Forums Forums White Hat SEO What is acceptable in terms of content originality?

  • What is acceptable in terms of content originality?

    Posted by seohelper on June 26, 2020 at 9:56 pm

    I’ve hired a freelance SEO copywriter to do several 1,000-word articles for our blog. Upon receiving the work I checked it against Grammarly’s plagiarism checker. Every article has it least some percentage of plagiarism (15%, 10%, 7%, 5%, 4%) according to Grammarly.

    The article topics are pretty narrow, so I’m sure the writer is referencing limited sources to create the content.

    I’m new to content marketing, so I honestly don’t know if these small percentages of plagiarism are normal and acceptable, or is this writer doing a poor job? If these articles are published on our blog could we realistically see any backlash from other companies claiming copywrite infringement?

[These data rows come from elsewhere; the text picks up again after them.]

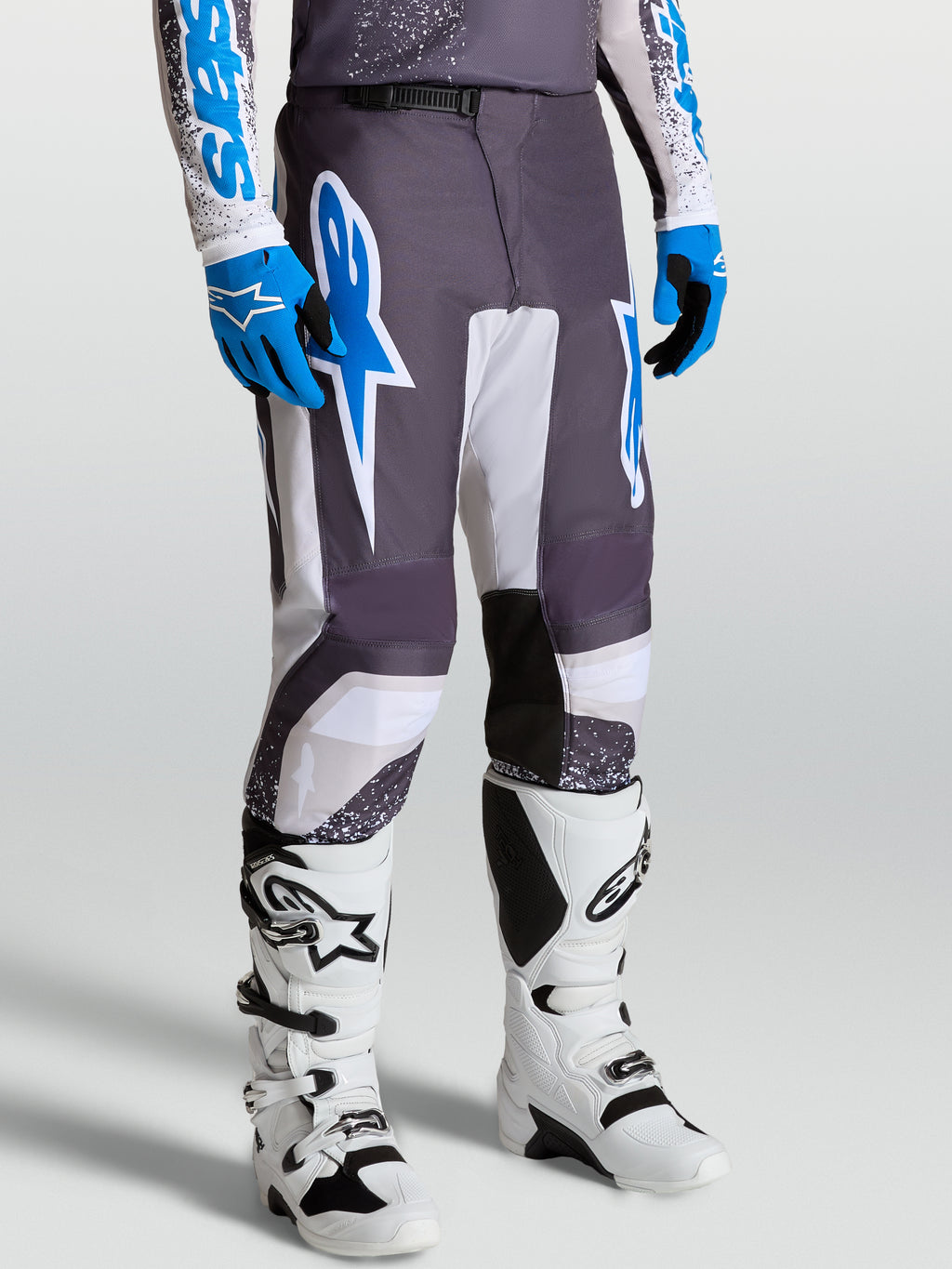 Alpinestars Fluid Drag broek, heren motorcrossbroek, grijs, lila en UCLA-blauw, ergonomische pasvorm, met witte laarzen.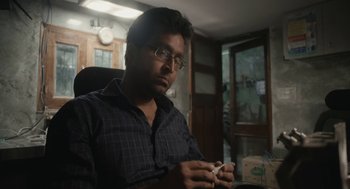 Movie still from “All That Breathes” (2022), directed by Shaunak Sen – A man sitting in a chair holding a cell phone; Close Up shot, Low angle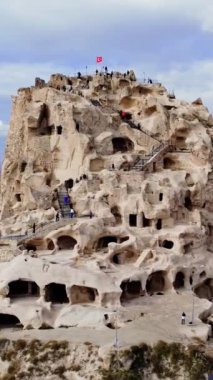 Drone görüntüsü, Kapadokya 'daki Uchisar Kalesi' nin seyahat cazibesini yakalıyor. Uchisar, bir seyahat mücevheri, Cappadocias manzarasında göze çarpıyor. Seyahat meraklıları için ideal, Uchisar Kapadoksias güzelliğinin somut örneği.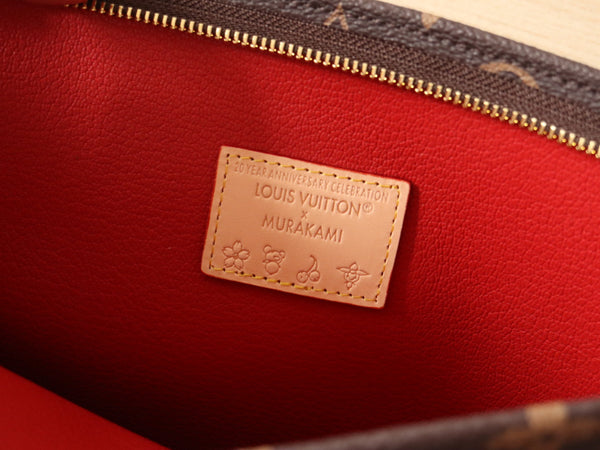Pochette da toilette LV x TM in tela marrone con monogramma e motivi floreali
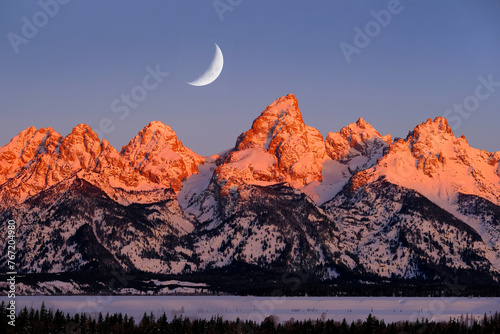 Sunrise on Teton Mountain Range in Wyoming Alpen Glow Orange and Pink on Rugged Mountains with Crescent Moon photo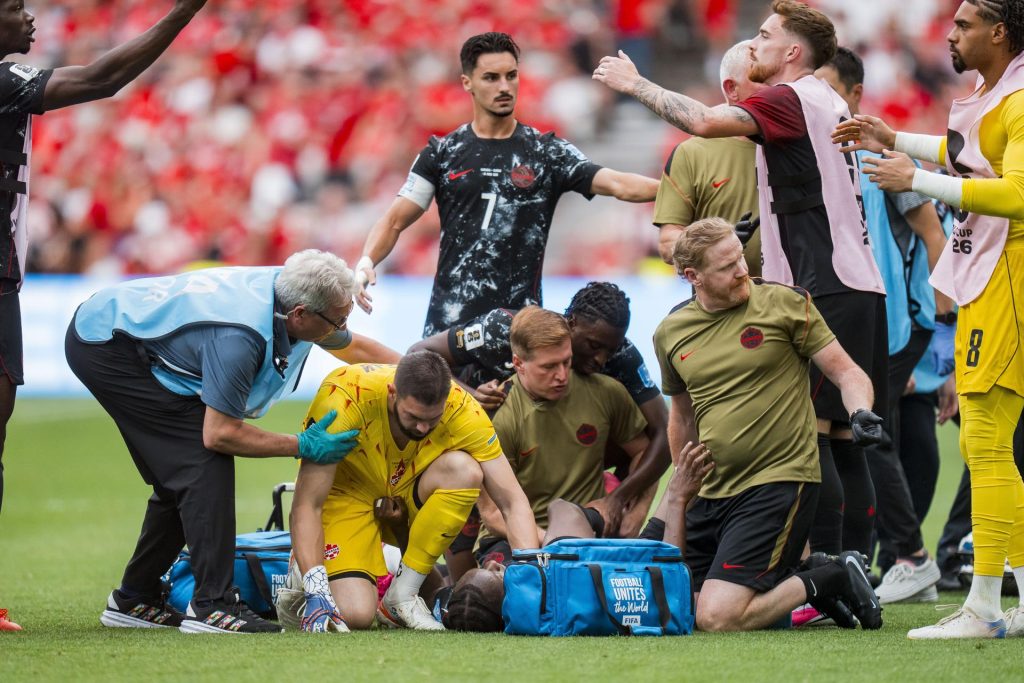 El portero canadiense Maxime Crepeau (2-i) consuela a su compañero Ismael Koné (tendido en la grama) quien sufrió una grave lesión en la pierna izquierda tras una falta de Assim Madibo, de Catar. EFE/EPA/BOB FRID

    SEO-SOS replied 3 years, 9 months ago 1 Member · 10 Replies
  • 10 Replies
  • jesustellezllc

    Guest
    June 26, 2020 at 10:14 pm

    If you were taking my information without permission, I’d come after you pretty hard.

  • SEO-SOS

    Guest
    June 26, 2020 at 10:29 pm

    You don’t need a seo copywriter just write your content as you see fit from your gut, use your gut.

    I’ve seen a few copywriters and their SEO isn’t that good just plain average.

  • JcpuddlesF3

    Guest
    June 26, 2020 at 10:39 pm

    Do the articles use quotes from experts in their field? If they’re exact quotes, that’s where you’re seeing some plagiarism. If this is the case, cite it with a “said expert” and link.

  • jakeinmn

    Guest
    June 26, 2020 at 11:01 pm

    A few common misconceptions here.

    You run a tool like copyscape to identify the unique content on your site. You want to get to 95% unique on your own site. The other 5% is your menu, footer, etc.

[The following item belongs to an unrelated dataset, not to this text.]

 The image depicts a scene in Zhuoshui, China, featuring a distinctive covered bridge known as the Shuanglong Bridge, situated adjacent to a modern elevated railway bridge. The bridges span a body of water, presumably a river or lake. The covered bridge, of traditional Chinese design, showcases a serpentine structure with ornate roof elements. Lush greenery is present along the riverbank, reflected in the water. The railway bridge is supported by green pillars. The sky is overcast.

    Ablot of articles today are spun. There is only so many ways 13 tips for roofers can be written. So ppl just take those, use a bot to rewrite them, and put it up. Google is dumb and can’t tell

    I have a process where I identify each page and take 5 minutes to prep 5 pages to send to my content writing team. Costs quarter of a penny per word for me and 5 minutes. So basically more than 35 dollars for a nice lengthy article to get on page 1.

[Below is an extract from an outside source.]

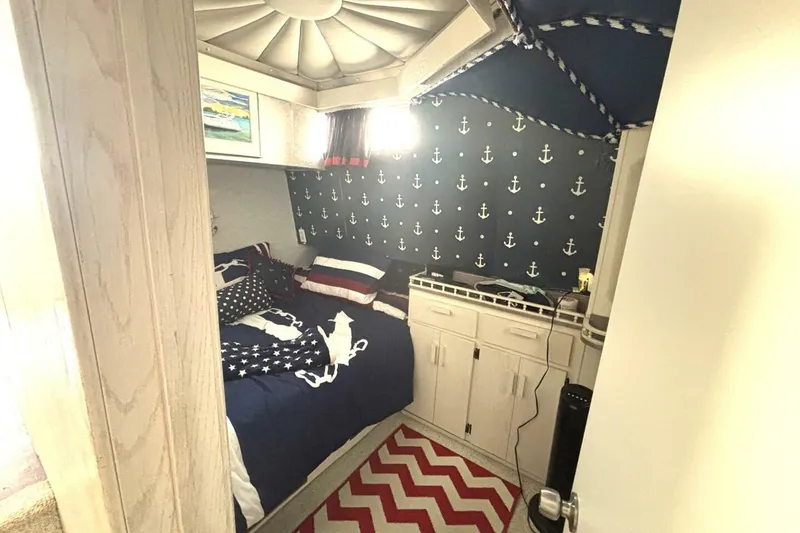 Slide: The Image of Nautical-themed bedroom in 1987 Davidson 48 Sportfish boat with anchor wallpaper and cozy bedding. - 41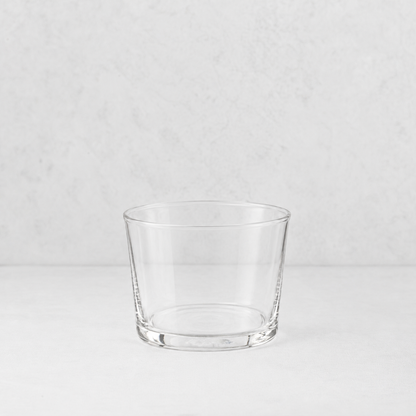 Clear glass Tavola mini tumbler with a simple, wide-rimmed design on a white surface.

    There is no such thing as duplicate penalty. Esp for local businesses, shit doesn’t hurt you. Just doesn’t help as much as 95% unique.

    If you need help, just PM me.

  • red8reader

    Guest
    June 26, 2020 at 11:20 pm

    If it’s straight-up plagiarism then absolutely NONE.

    But if the article is referencing that article and clearly states so and you’re not taking credit then you’re fine.

    An article that uses quotes or info from other places to help bolster your own argument is just fine as long as the reader gets quality.

  • IcicleDisaster

    Guest
    June 26, 2020 at 11:27 pm

    You are fine. Your content will probably be run of the mill nonsense paraphrased from other articles, but yeah. Something is better than nothing and you get what you pay for.

    Ideally you’d want an actual expert in your industry to give their input and optimize that into a blog post. If you are just hiring random SEO copywriters though, they’re going to do what gets the job done.

  • mtea994

    Guest
    June 27, 2020 at 1:30 am

    grammerly wll show once upon a time as plagiarism . so 10 to 12 percent is okay.

  • kaushikfrnd

    Guest
    June 27, 2020 at 4:55 am

    Trust me if grammarly says 10% it has more. Btw 8% plagiarism is allowed

  • IsharaUU

    Guest
    June 27, 2020 at 11:41 am

    35$ too much if it’s not unique

  • Actual__Wizard

    Guest
    June 27, 2020 at 7:55 pm

    It’s fine.

    I know how the Google duplicate content detection works (by theorizing how it could work, coming up with tests that would prove it, then testing it.)

    What can not occur is you can not have content that reads strangely because it’s been reworded by software that does synonym replacement.

    That will not fool it because that’s not how it works in the first place.

Log in to reply.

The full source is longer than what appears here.